Mussten Sie im Nachhinein etwas an Ihrem Entwurf ändern?

Wir konnten wegen der Debatten um den Unesco-Welterbetitel die Ausbildung der Bogenfüße ändern. Wir haben sie weiter nach unten gezogen und verschlankt, was in meinen Augen der Brücke gutgetan und das Gewicht reduziert hat. Das war die wesentliche Veränderung.

Seit den ersten Planungen sind fast 20 Jahre vergangen. Würden Sie heute wieder die Bogen-Variante wählen?

Ja, ich finde nach wie vor, dass das die richtige Lösung an dieser Stelle ist. Man setzt dort ein Zeichen, aber man dominiert damit die städtische Situation nicht.

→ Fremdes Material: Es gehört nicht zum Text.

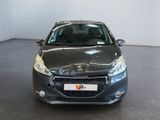 the front view of a grey car in a room with a white wall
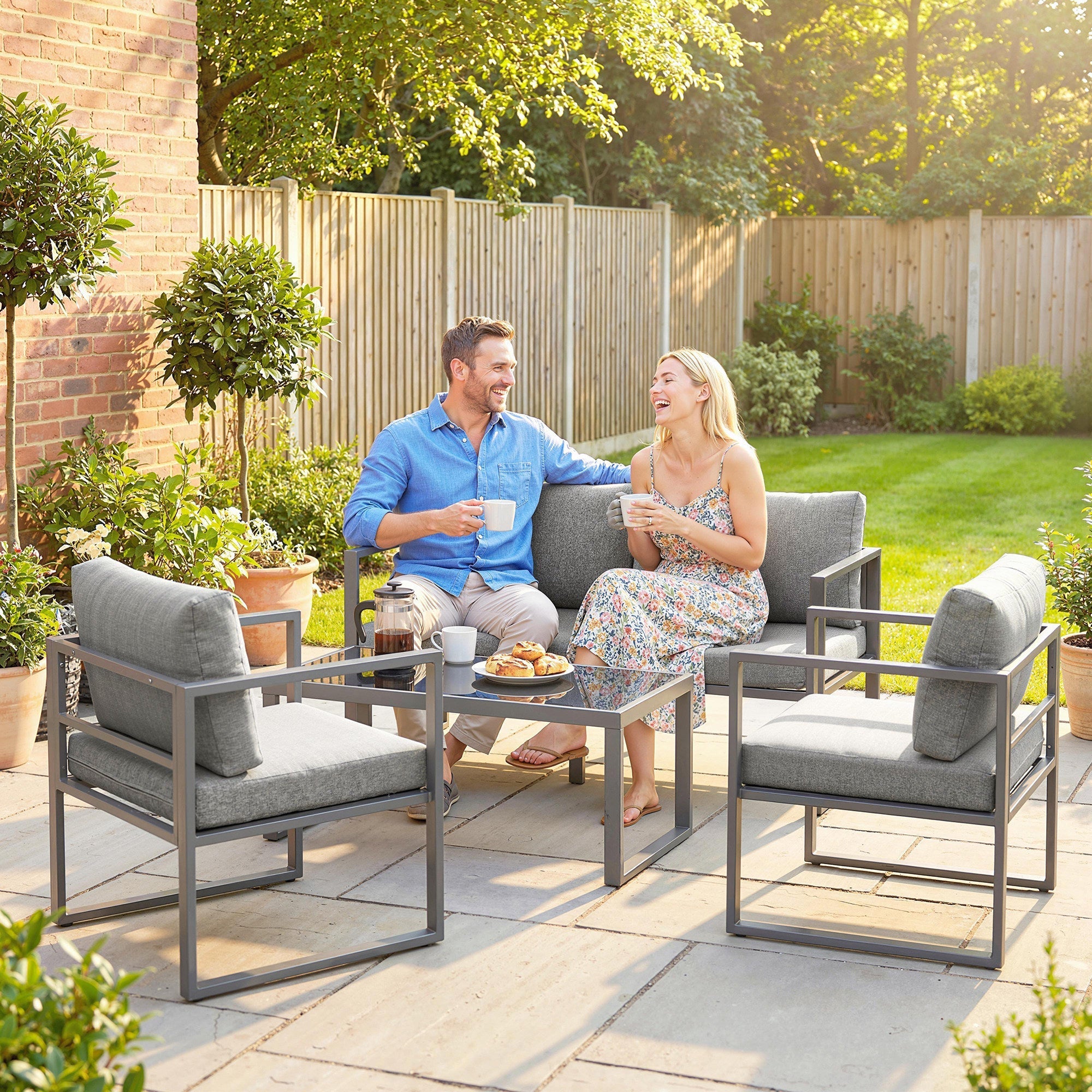 Modern gray outsunny 4 piece outdoor furniture set with plush cushions metal frames and coffee table 60d x 62h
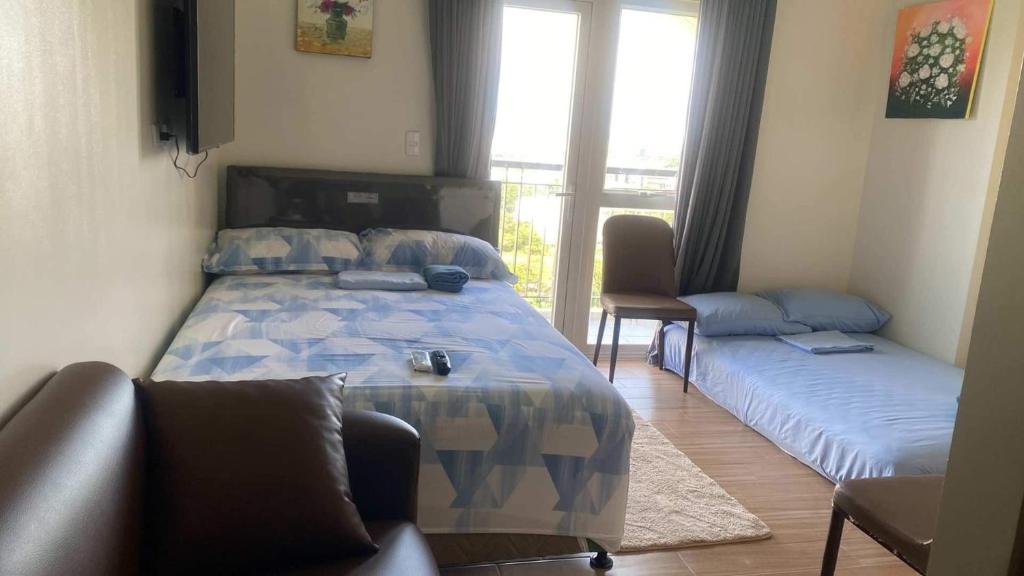 Postel nebo postele na pokoji v ubytování Zykes Condo at Saint Dominique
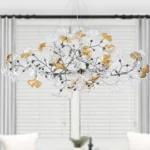Modern black rectangle chandelier with ginkgo leaves in a dining room
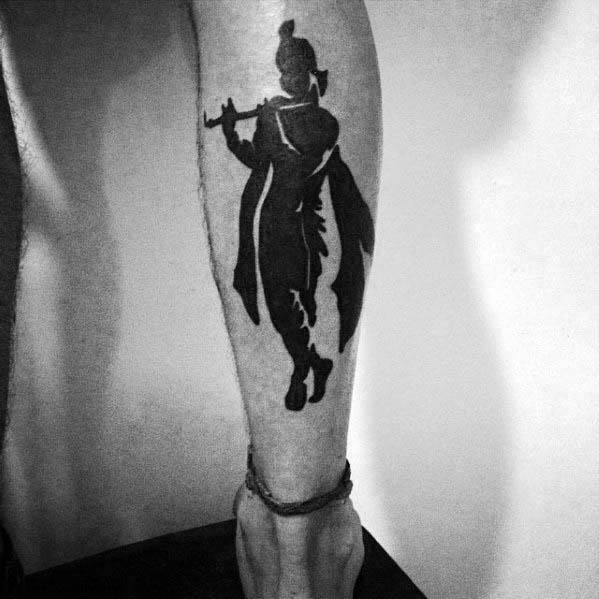 Bold black silhouette tattoo of Lord Krishna playing the flute, capturing his iconic pose with flowing garments and topknot hairstyle.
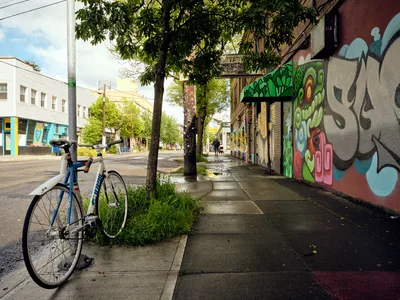A blue bicycle rests against weathered concrete beside vibrant murals adorning the former Oregon Theater on Southeast Division Street in Portland's Richmond neighborhood. The street art transforms the aging storefront with bold greens, pinks, and blues, while leafy trees filter soft daylight across the quiet sidewalk. The juxtaposition of urban decay and artistic renewal captures the evolving character of this historically industrial Portland corridor.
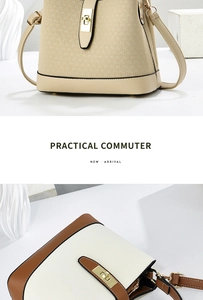 Close-up of metal turn-lock and adjustable strap detail on chic commuter bucket bag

Wegen der Waldschlößchenbrücke hat das Dresdner Elbtal aber den Unesco-Welterbetitel verloren. Fühlen Sie sich dafür mit verantwortlich?

Nein. Wir haben den Entwurf 1997 vorgelegt. Der Unesco war dieser Entwurf bekannt und ich weiß auch, dass die Gestaltung der Brücke bei der Evaluierung gar nicht das Thema war. Es ging um eine Brücke an dieser Stelle. Dazu kann sich jeder selbst ein Urteil bilden, ob die Brücke einen Qualitätsverlust des Elbtals an dieser Stelle bedeutet oder nicht. Ich bin zufrieden damit.

Die Planung und der Bau hatten sich immer wieder verzögert. Das muss doch an den Nerven gezehrt haben …

Jein. An den Nerven gezehrt haben die Diskussionen, weil ich da in vielen Bereichen auch sehr stark persönlich angegangen wurde. Ich habe aber auch viele E-Mails von Dresdnern bekommen, die mir mitgeteilt haben, dass sie die Brücke toll finden. Insofern ist es eine Balance gewesen.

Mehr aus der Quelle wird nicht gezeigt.